Activity
Copy each line of the entries that includes the word "with".

Short web captions
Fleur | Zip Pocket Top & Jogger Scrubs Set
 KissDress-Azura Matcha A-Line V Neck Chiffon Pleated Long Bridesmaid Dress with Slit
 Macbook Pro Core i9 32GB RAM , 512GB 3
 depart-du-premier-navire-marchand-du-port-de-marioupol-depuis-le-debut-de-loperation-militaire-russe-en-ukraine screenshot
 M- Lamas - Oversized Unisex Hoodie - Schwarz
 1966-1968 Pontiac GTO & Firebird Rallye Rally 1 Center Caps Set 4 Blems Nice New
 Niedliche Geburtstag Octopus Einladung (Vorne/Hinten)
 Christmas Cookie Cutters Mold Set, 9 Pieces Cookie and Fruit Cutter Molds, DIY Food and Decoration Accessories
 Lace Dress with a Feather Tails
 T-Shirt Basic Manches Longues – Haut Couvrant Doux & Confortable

Reply
 KissDress-Azura Matcha A-Line V Neck Chiffon Pleated Long Bridesmaid Dress with Slit
 Lace Dress with a Feather Tails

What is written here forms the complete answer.